The Strange, Pitiful Tale of Isabella Morra (tr. Caroline Maldonado)

While travelling in the Basilicata region of Southern Italy – in effect, the arch of the ‘foot’ of that country – researching her earlier translations of the little known twentieth century male poet, Rocco Scotellaro (1923-1953), Caroline Maldonado heard of the much earlier, even less known poetry of Isabella Morra. Born around 1520, Morra was one of eight children. Her father, Giovan Michele fled into exile in France when Isabella was about eight years old. A cultured woman – knowledgeable in science, music, literature and the classics – her life prospects were utterly curtailed by her father’s absence and she was left in the care of her brothers.

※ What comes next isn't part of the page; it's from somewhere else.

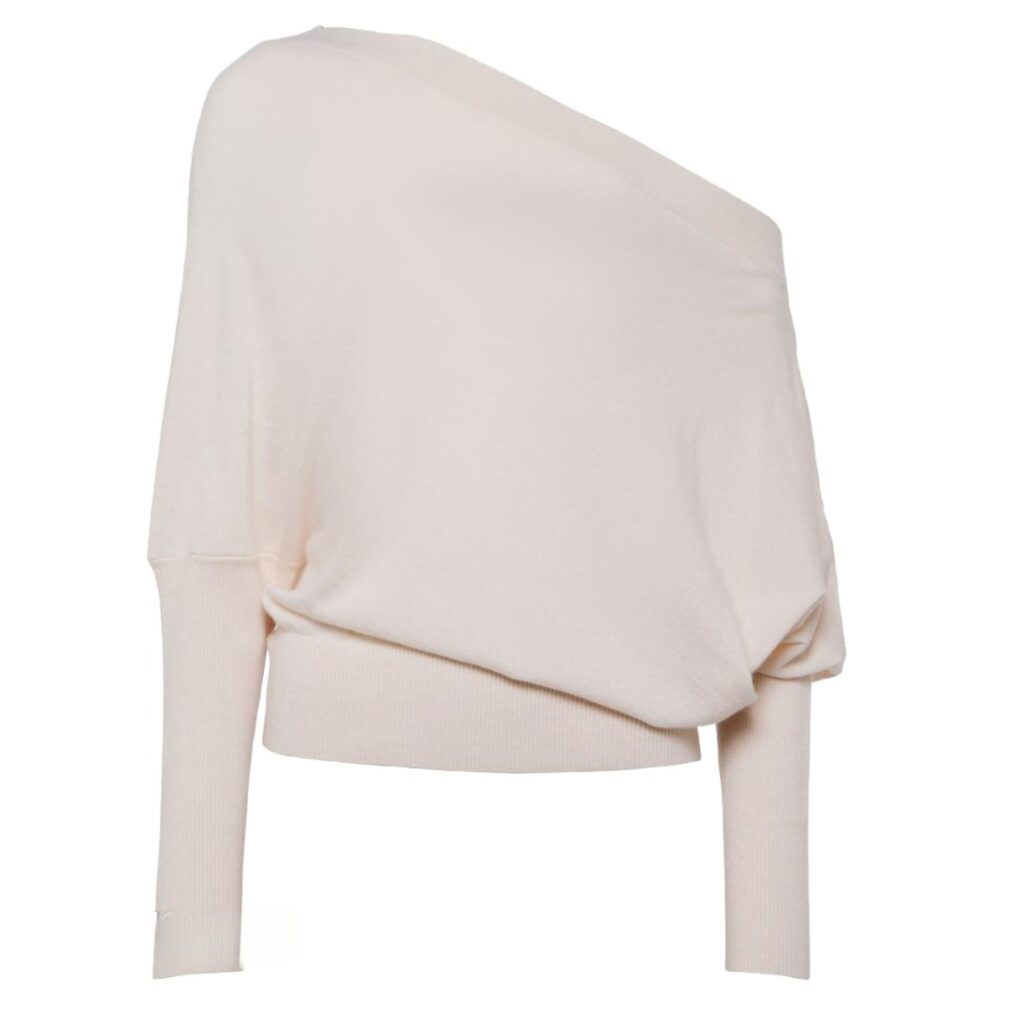 100% cashmere women's mid-weight knit sweater with ribbed neck, cuffs, and hem, hip-length fit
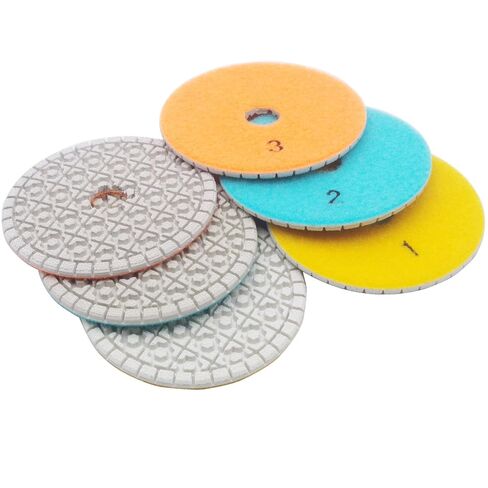 GRINCUTREX 3 Step Polishing Pad 4 Inch Diamond Flexible Polishing Disc for Granite Quartz Engineered Stone and Marble (Full Set,3PCS) in Saudi Arabia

Her resulting frustrations may be imagined – and astonishingly they are also vividly portrayed in her poems – but her violent death, aged 26, is not clearly understood. There were rumours of an affair between Isabella and a Spanish count and poet, Don Diego Sandoval de Castro, though he was also the husband of a friend of Isabella’s and almost certainly admired by her as much as a writer as a man. But her brothers believed the rumours and seem to have killed her – an honour killing to protect the family name. Maldonado’s book, Isabella, published by Smokestack Books, contains – in parallel text – all of Isabella’s known work, just ten sonnets and three canzoni. The book also includes Maldonado’s own introduction to Morra and 17 original poems by her, inspired by Morra’s work and her “strange, pitiful tale”.

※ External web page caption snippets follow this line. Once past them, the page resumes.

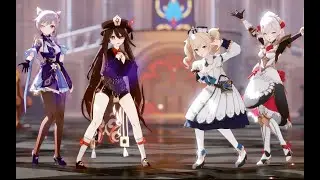 【Genshin Impact MMD/4K/60FPS】Keqing & Hu Tao & Barbara & Noelle【Drop Pop Candy】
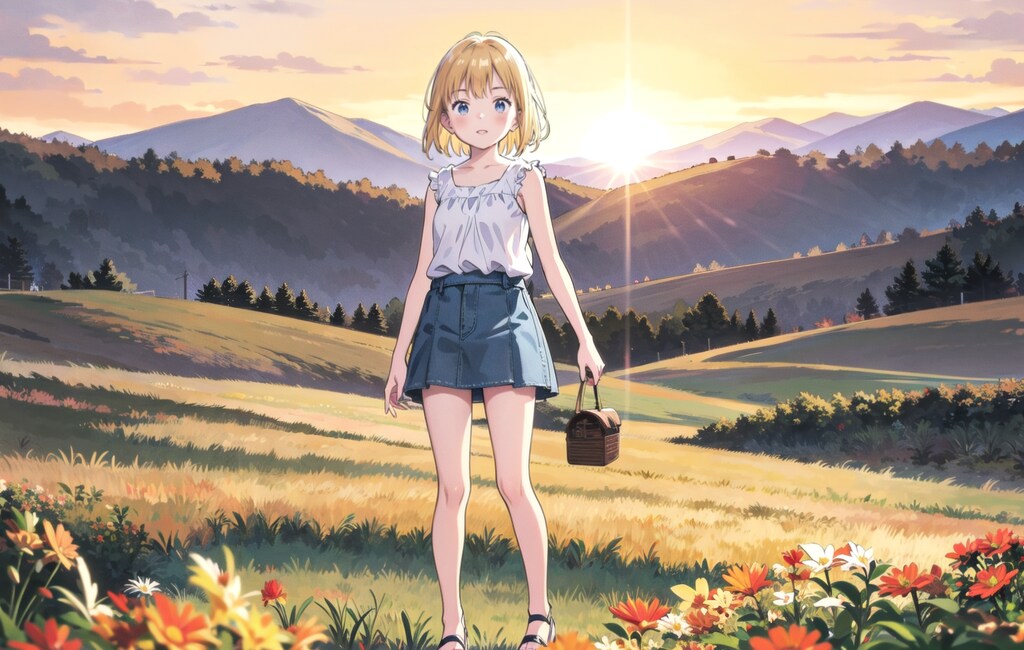 夕焼けの金髪ちゃん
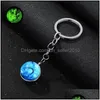 Autres arts et artisanat Luminous Keychain Universe Ball Ball Cabochon Keches Cartes de voiture Cortes de voiture Créative Bijoux Gabillement Gift Dhulh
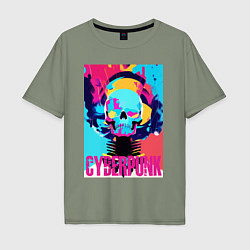 Мужская футболка оверсайз Cool skull - cyberpunk - pop art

Castello di Isabella Morra

Given the period in which she wrote, it is the raw, personal nature of many of Morra’s poems, their direct style of address, that is so surprising. Maldonado’s decision to make the work as “accessible as possible to a contemporary reader” accentuates this as does her choice not to re-create closely the rhyming of the originals. Morra creates a strong sense of an actual place. It is a place of imprisonment, one she loathes, the village of Favale: “this vile, odious hamlet”. She looks favourably on neither the place nor its people:

Here once again, O hell-like wasted valley,

O Alpine river, shattered heaps of stone,

spirits stripped bare of all goodness or pity,

you will hear the voice of my endless pain.

An unsympathetic ear might sense something brattishly self-regarding here and, given her youth and sheltered upbringing, that would not be surprising. But it is partly this sense of a little girl lost that is so moving. There are several sonnets concerned with her father’s absence. Sonnet III addresses him directly:

I, your daughter Isabella, often look out

hoping for a wooden ship to appear,

Father, that will bring me back news of you.

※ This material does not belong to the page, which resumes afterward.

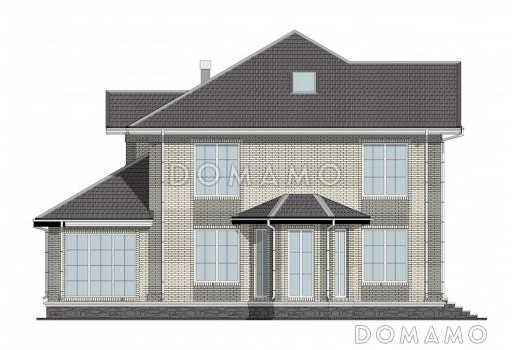 Проект двухэтажного дома с эркерной гостиной, камином и крытой террасой / Фасад 2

The first line’s poignant allusion to their relationship reminds the reader that he has been absent from her life for many years. As she gazes out hopefully, she and the dismal locale seem to merge, “so abandoned, so alone!” In sonnet VIII, ominously anticipating the end of her life, she imagines her father’s too-late return: “Tell him how, by my death, I appease / my bitter fortune and the misery of my fate”. It is the capricious – even vengeful – Goddess ‘Fortuna’ that Morra often rails against. In Sonnet I, she is assaulted by “cruel Fortune”. Sonnet VI is a tirade against her mistreatment, initially from a literary standpoint (Morra had hoped to make a name for herself “with the sweet Muses”):

You have promoted every minor talent,

Fortuna, rewarded every sordid heart,

you now compel my own, long past all tears,

to face still more hardship, feel more desolate.

Fortune is also berated for bringing down King Francis I (defeated in battle in 1544), the French monarch who she hoped might protect her father and even bring about a reconciliation between them. Fortuna’s femininity leads Isabella into the awkward position of maligning all women in saying that Fortuna is an “enemy to every noble heart”.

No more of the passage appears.